The contents in the blobs in inputs are the same as in the last call of forward, and can be used if necessary.

If a layer does not do backward propagation (e.g. a data layer), an empty backward function still has to be defined explicitly.

shutdown(backend, layer_state)

Release all the resources allocated in setup_layer.

Layer Parameters

If a layer has train-able parameters, it should define a parameters field in the LayerState object, containing a list of Parameter objects. It should also define the has_param characterization. The only computation the layer needs to do, is to compute the gradients with respect to each parameter and write them into the gradient field of each Parameter object.
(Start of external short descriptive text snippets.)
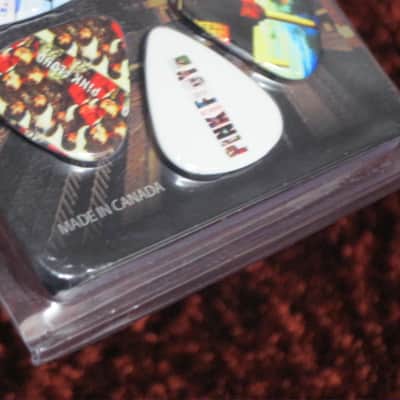 new in package (old stock) A+ Perri's Leather Ltd. / Perri's 12 Pack Of Pink Floyd Guitar Picks - Med Gauge - Celluloid Plastic, 351 shape - but slightly curved (LP12-PF1) LP12PF1 image 23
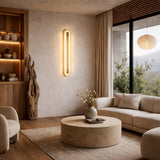 A modern living room with neutral tones features a round beige coffee table, light sofas, sculptural floor lamp, built-in shelving, and the Averra LED Large Round Alabaster Wall Light in Soft White & Brass illuminating the space.
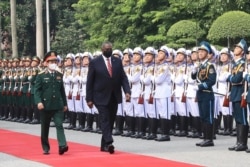 FILE - U.S. Secretary of Defense Lloyd Austin with Vietnamese Defense Minister Phan Van Giang, left, inspects an honor guard in Hanoi, Vietnam, July 29, 2021.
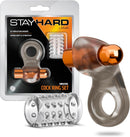 Stay Hard Clitoral Stimulating Cock Ring Set with Spiked Sleeve packaging and products, featuring a vibrating cock ring and spiked sleeve.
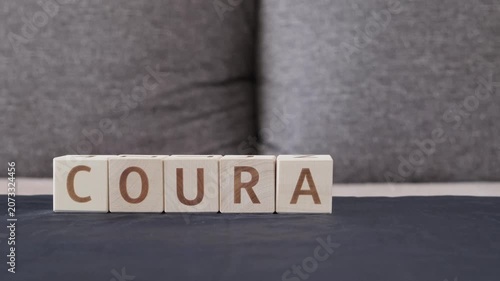 motivational word courage, laying out  by hand from letters on wooden cubes, slow motion
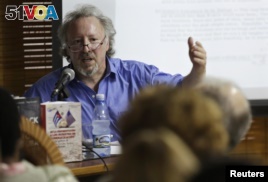 FILE - U.S writer Peter Kornbluh speaks to an audience about 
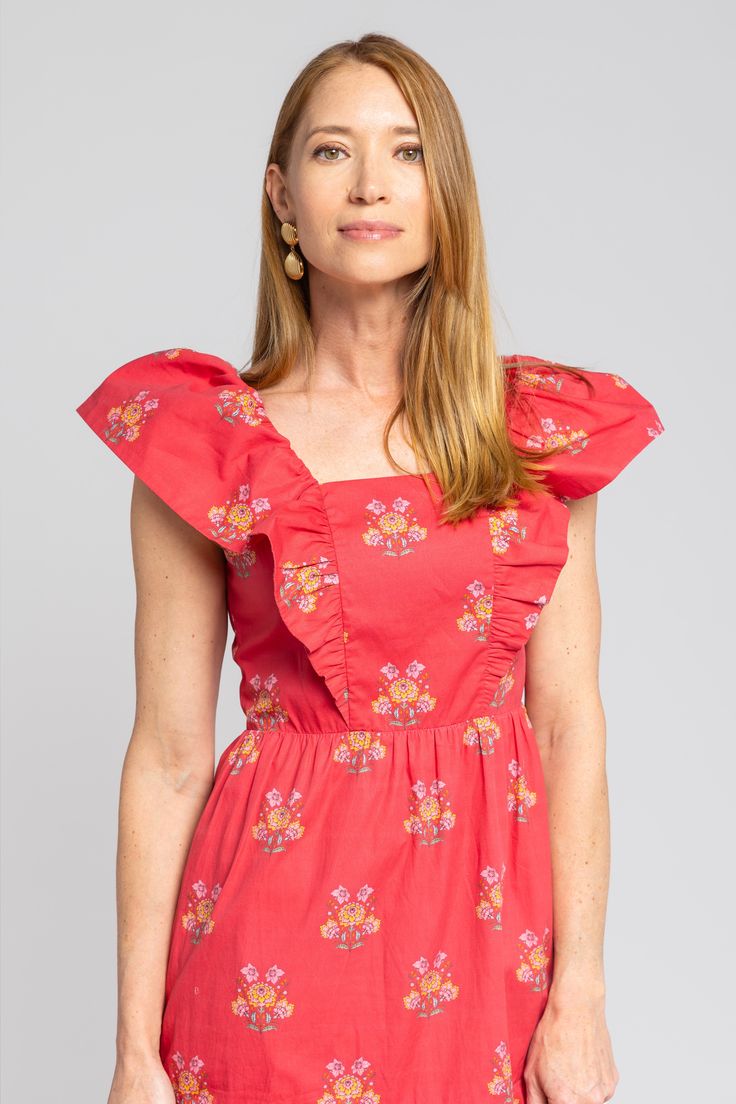 Things we love about the Copeland Dress, a list: Flutter sleeves. A flattering tiered skirt. Pockets! And the bold raspberry red floral with pops of pink and citrus hues. The maxi-length dress stuns on its own, but we love it paired with a cropped jacket—denim and leather both work great. Details Red floral print Pockets Maxi dress 100% cotton fabric Fit Notes Jacklene takes a S in this style Care Instructions Machine wash cold Gentle cycle Do not bleach Lay flat to dry Iron low Shipping Ships i Pocket Maxi Dress, Blue Daisy, Cropped Denim Jacket, Tier Skirt, Dress 100, Red Floral, Xl Dress, Flutter Sleeve, Dresses Xs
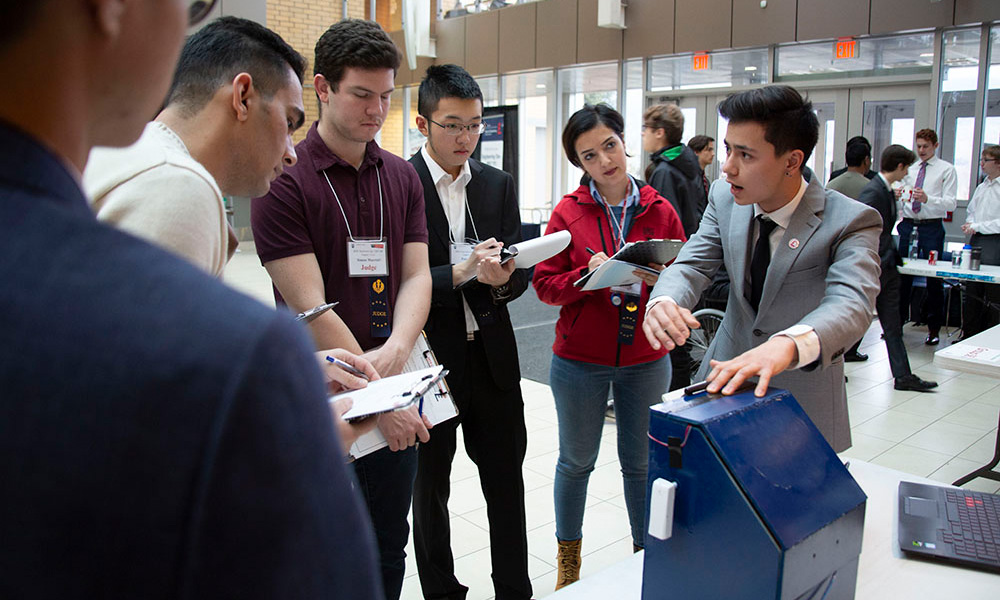 A photo of engineering students discussing their project during last year's design competition.
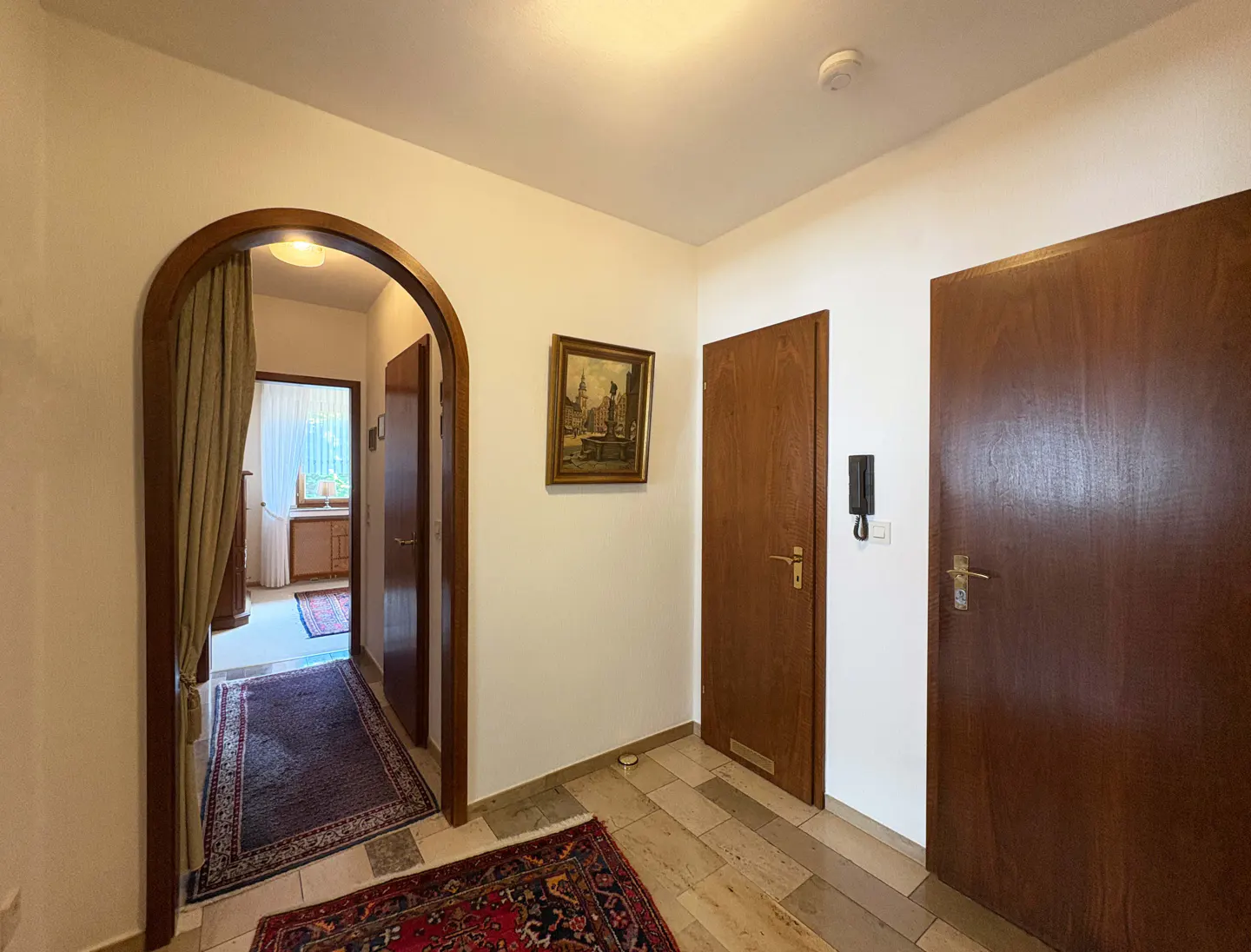 Hallway with arched doorway, wood doors, and stone tile floor. A painting hangs on the white wall. Rugs add color to the floor.
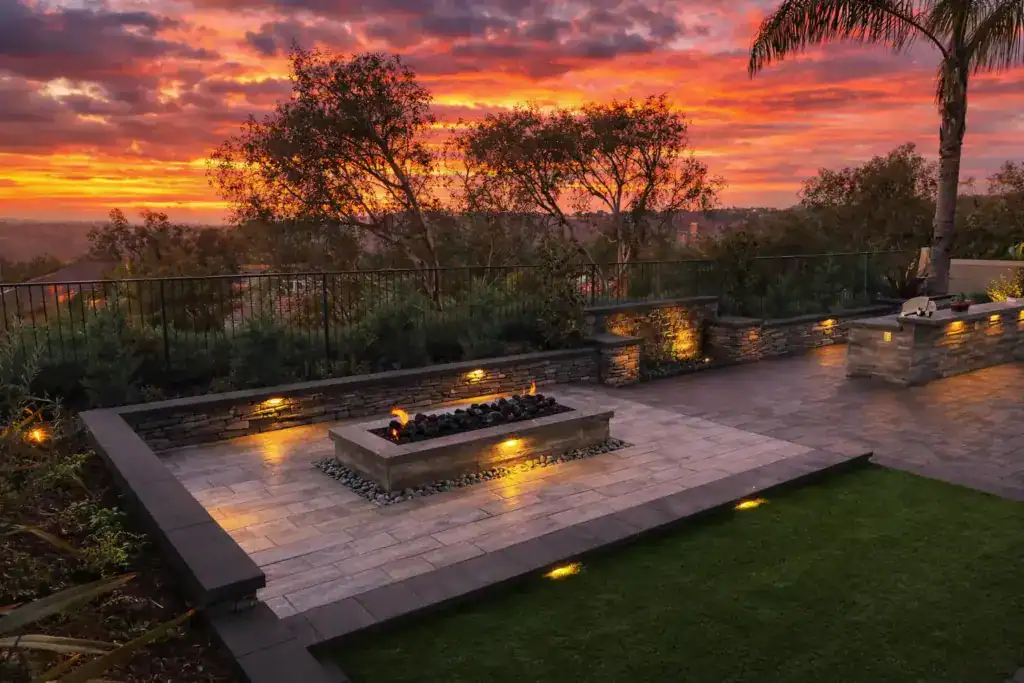 beautifully landscaped backyard at sunset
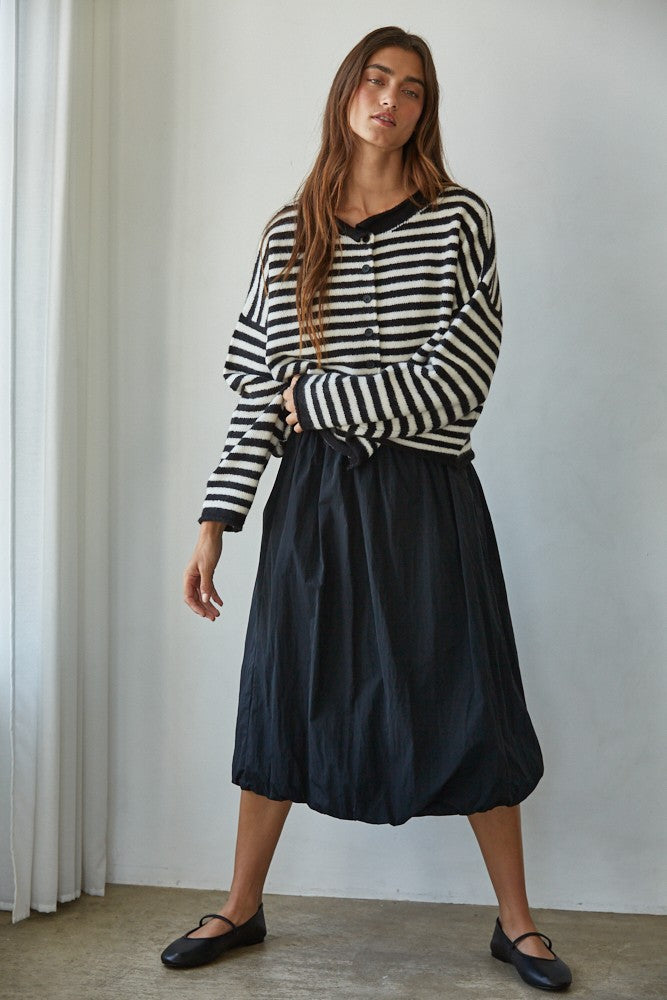 Full-body front view of a woman in a black and white striped knit sweater styled with a black midi skirt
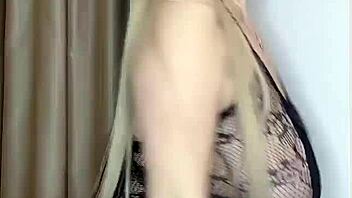 Milf with big natural tits in transparent clothes?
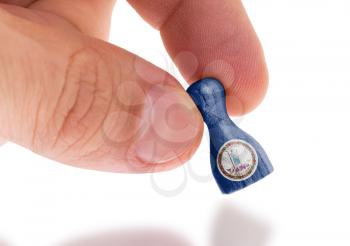 Hand holding wooden pawn with a flag painting, selective focus, Virginia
Mocha will handle the updating of parameters during training automatically. Other parameter-related issues like initialization, regularization and norm constraints will also be handled automatically.

Layer Activation Function

When it makes sense for a layer to have an activation function, it can add a neuron property to the Layer object and define the has_neuron characterization. Everything else will be handled automatically.